When a loud girl asked if I was a Giants fan, I anticipated some bullshit. Me: shrug, noncommittal snort. Her: “You can have my tickets for tonight’s game, club level!” She dropped two tickets through the open car window and sauntered away. Each one had a face value of $55.
I don’t much care about baseball. Loud, colorful, free things are OK though. And beer in big cups. I plotted out my evening.
All that intensive planning, and wouldn’t you know it? Yoga sapped my (admittedly lukewarm) enthusiasm for the game. I just wanted a quiet dinner with the girlfriend.
I tried giving my tickets to yoga’s dudeliest student, a thinly bearded Indian guy with a medallion on a chain. The dude said he didn’t like baseball.

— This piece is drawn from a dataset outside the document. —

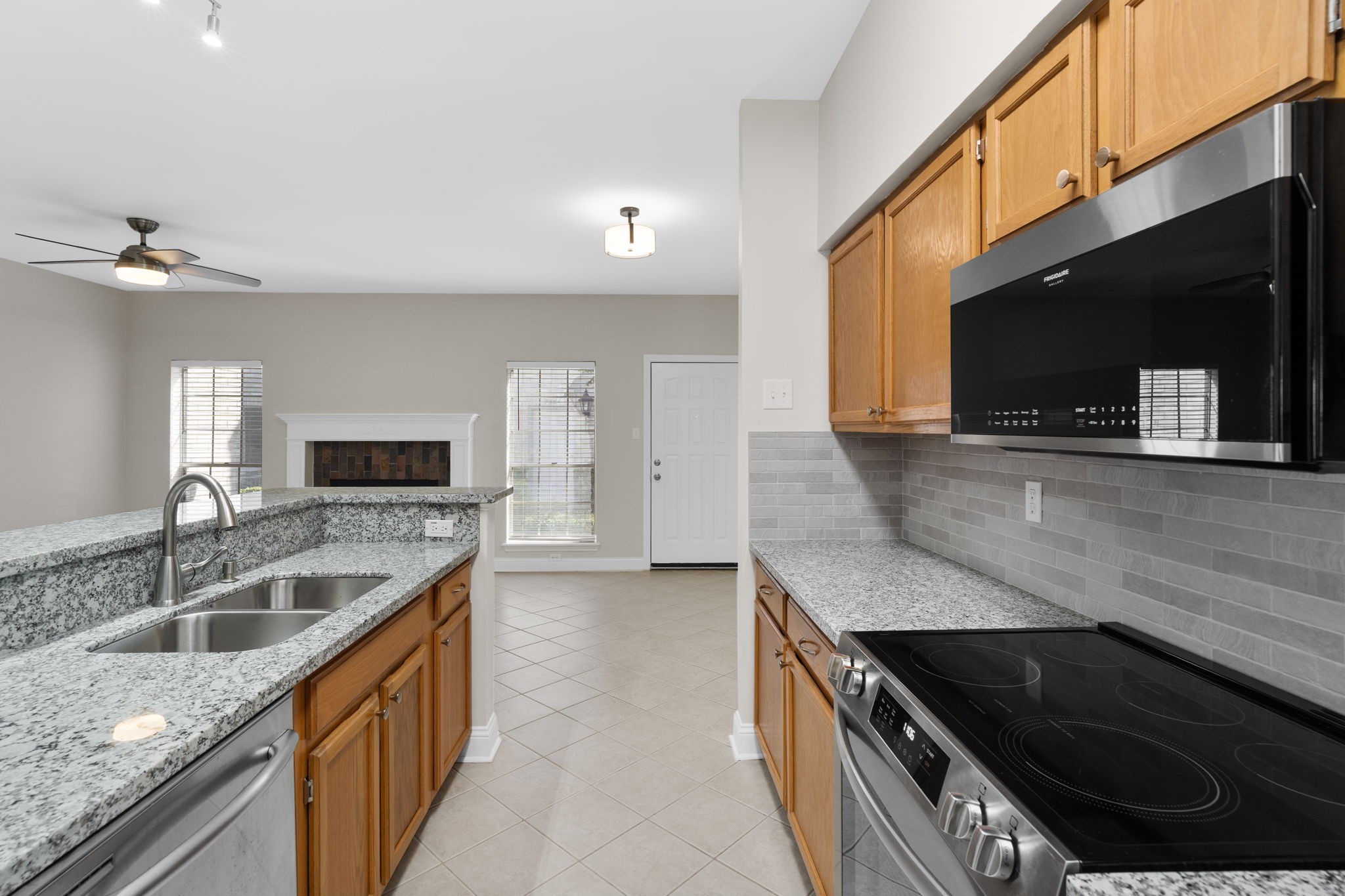 7392 Regency Square Court, Unit 7392 Houston, TX 77036 - Photo 2 of 32 The updated kitchen features granite countertops, a subway tile backsplash, breakfast bar, walk-in pantry, and updated (2024) range and microwave.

Then he followed me down five (!) flights of stairs, explaining he had a report to finish but “otherwise would love to go.”
Sure you would, pal.
I went inside Pancho Villa, where I spied a smooth-faced guy and gal in Giants gear. They were mid-burrito.
“Are you Giants fans?” (I asked stupidly.)
“Want two club tickets for tonight’s game?
“Promise me you will not waste them?”
They seemed really sweet, and young. “Catch a fly ball for old man Hirsch, wouldja?”